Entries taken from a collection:
====================

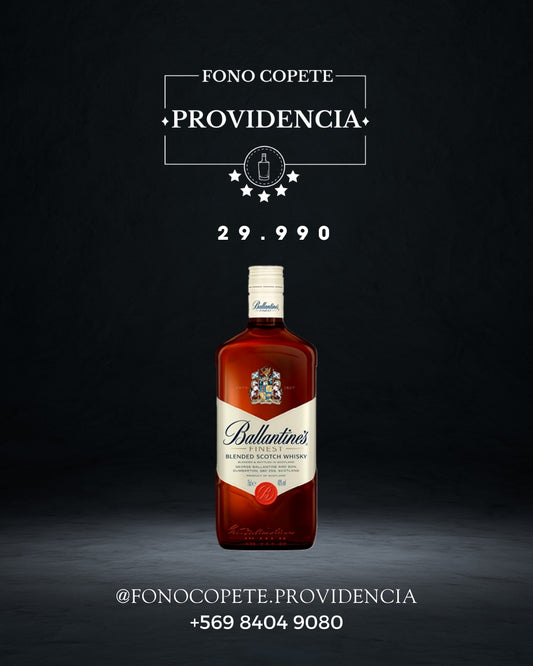 Ballantines 750 Ml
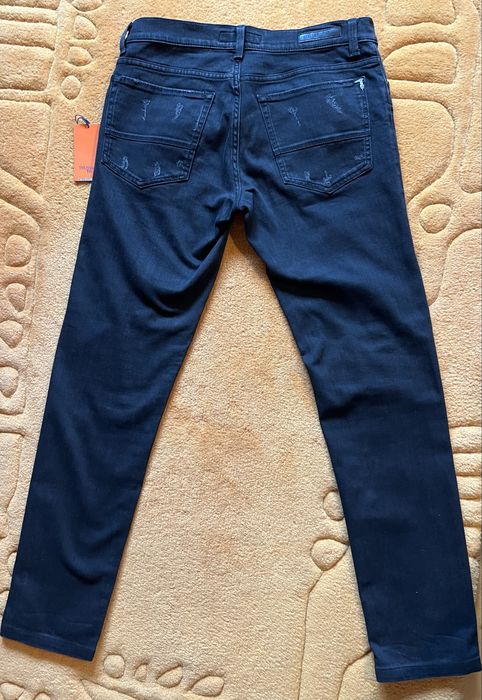 Оригинални дънки Trussardi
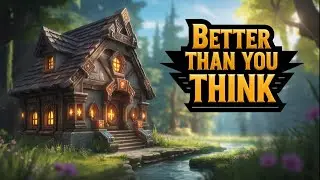 WoW Player Housing Better Than You Think
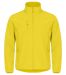 Classic Softshell Jacket Lemon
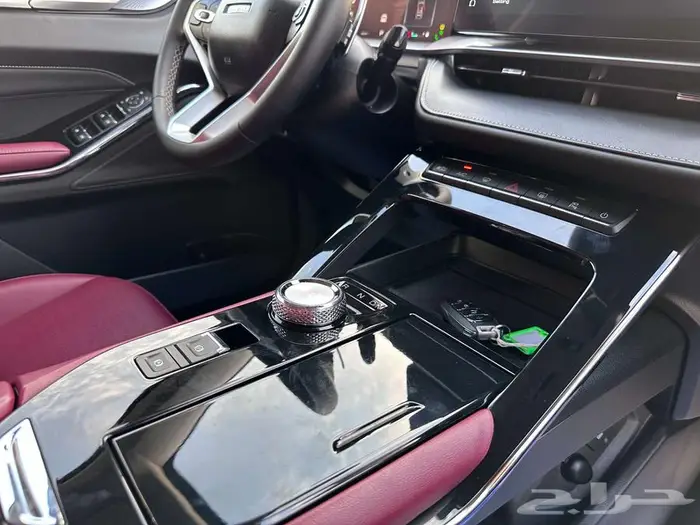 هافال H6 2024 14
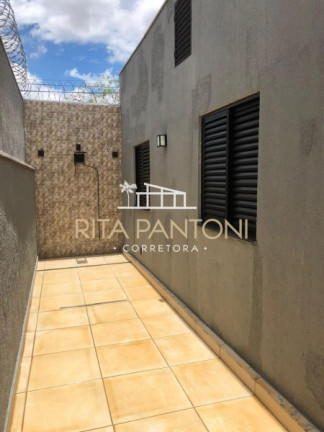 Imagem Casa com 3 Quartos à Venda, 83 m² em Ipiranga - Ribeirão Preto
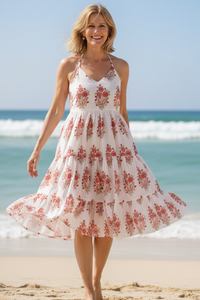 Santa Monica Dress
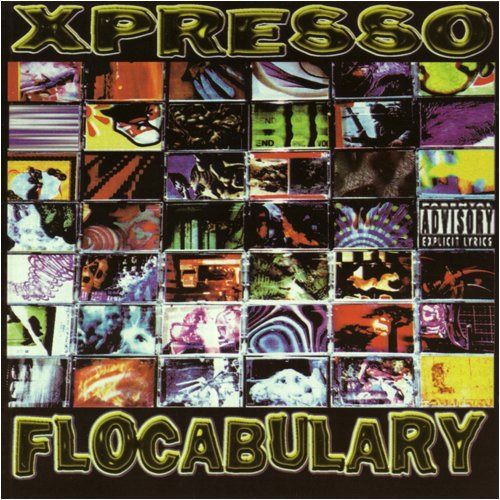 【CD】Flocabulary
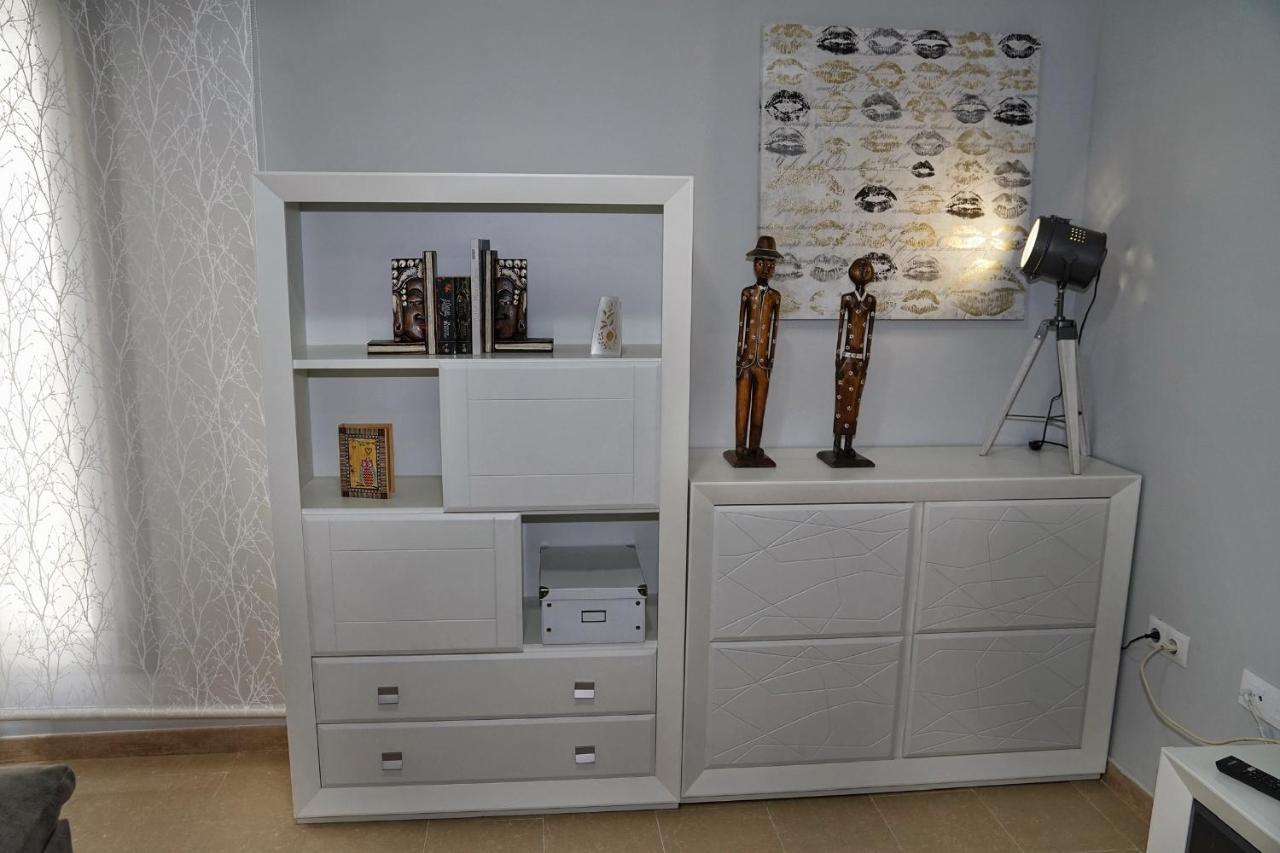 דירות באנה El Balcon מראה חיצוני תמונה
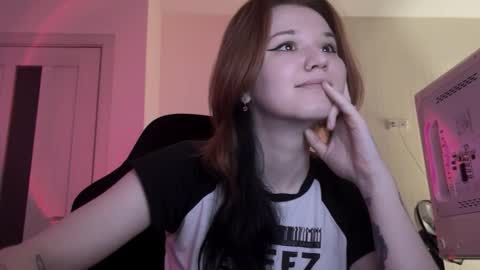 Lissa online show from 03-04-26, 12:05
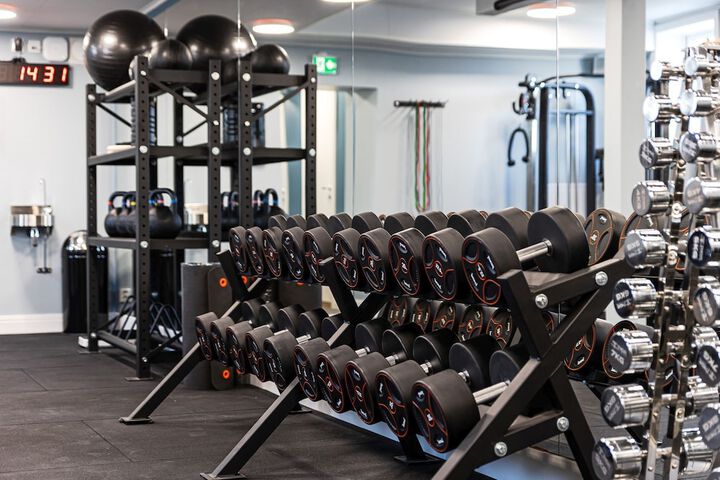 Health and Fitness 76 of 89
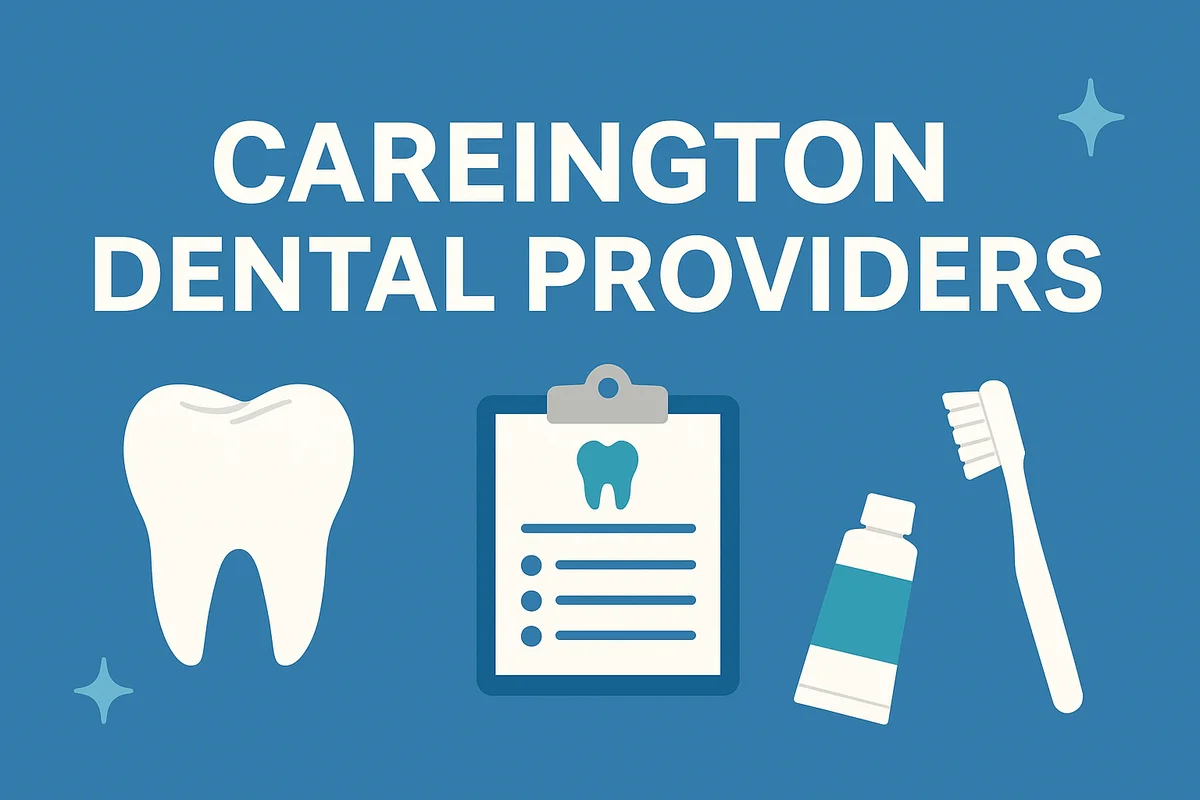 Everything You Need to Know About Careington Dental Providers 5 careington dental providers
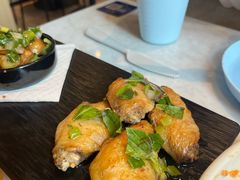 -玛尚诺意式餐厅(日月光店)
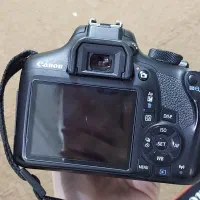 دوربین حرفه ای و زیبای خوش دست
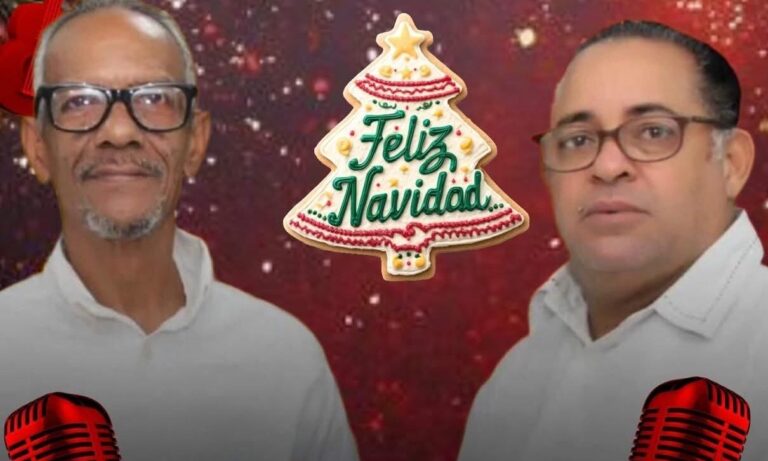 ESTELAR NAVIDEÑO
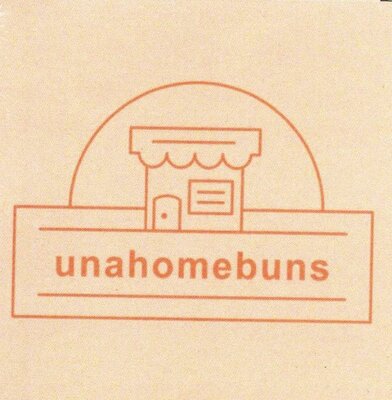 Trademark UNAHOMEBUNS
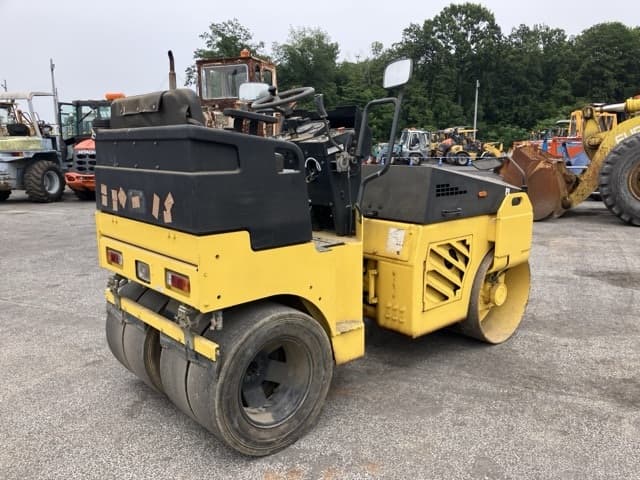 Combined Roller — Auction (lot 8451-209)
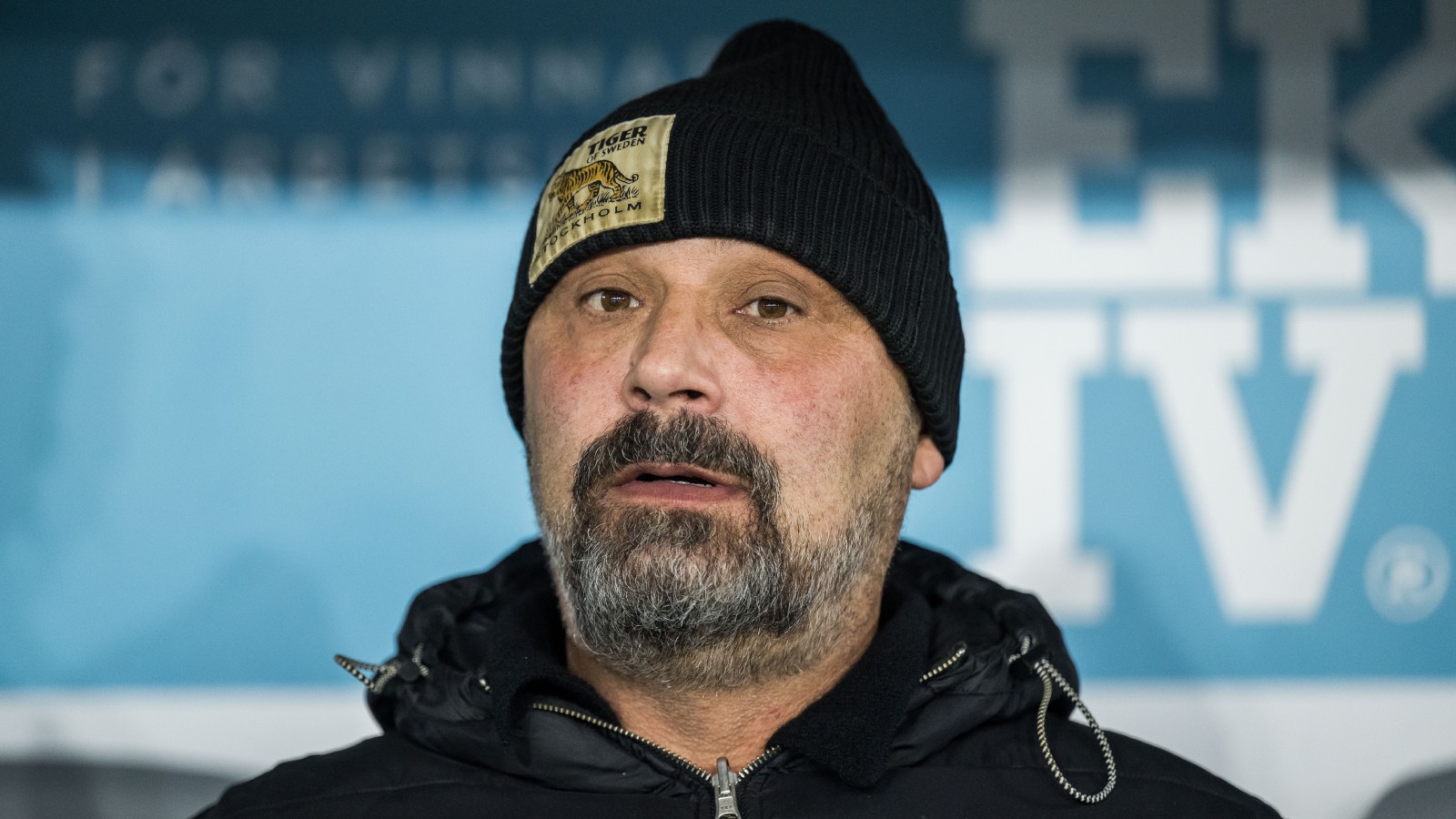 Klart: Bosko Orovic och Utsiktens BK bryter avtalet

====================

**What is needed:**
Return every line of the data above exactly, and omit all pictures.

**Answer:**
 Ballantines 750 Ml
 Оригинални дънки Trussardi
 WoW Player Housing Better Than You Think
 Classic Softshell Jacket Lemon
 هافال H6 2024 14
 Imagem Casa com 3 Quartos à Venda, 83 m² em Ipiranga - Ribeirão Preto
 Santa Monica Dress
 【CD】Flocabulary
 דירות באנה El Balcon מראה חיצוני תמונה
 Lissa online show from 03-04-26, 12:05
 Health and Fitness 76 of 89
 Everything You Need to Know About Careington Dental Providers 5 careington dental providers
 -玛尚诺意式餐厅(日月光店)
 دوربین حرفه ای و زیبای خوش دست
 ESTELAR NAVIDEÑO
 Trademark UNAHOMEBUNS
 Combined Roller — Auction (lot 8451-209)
 Klart: Bosko Orovic och Utsiktens BK bryter avtalet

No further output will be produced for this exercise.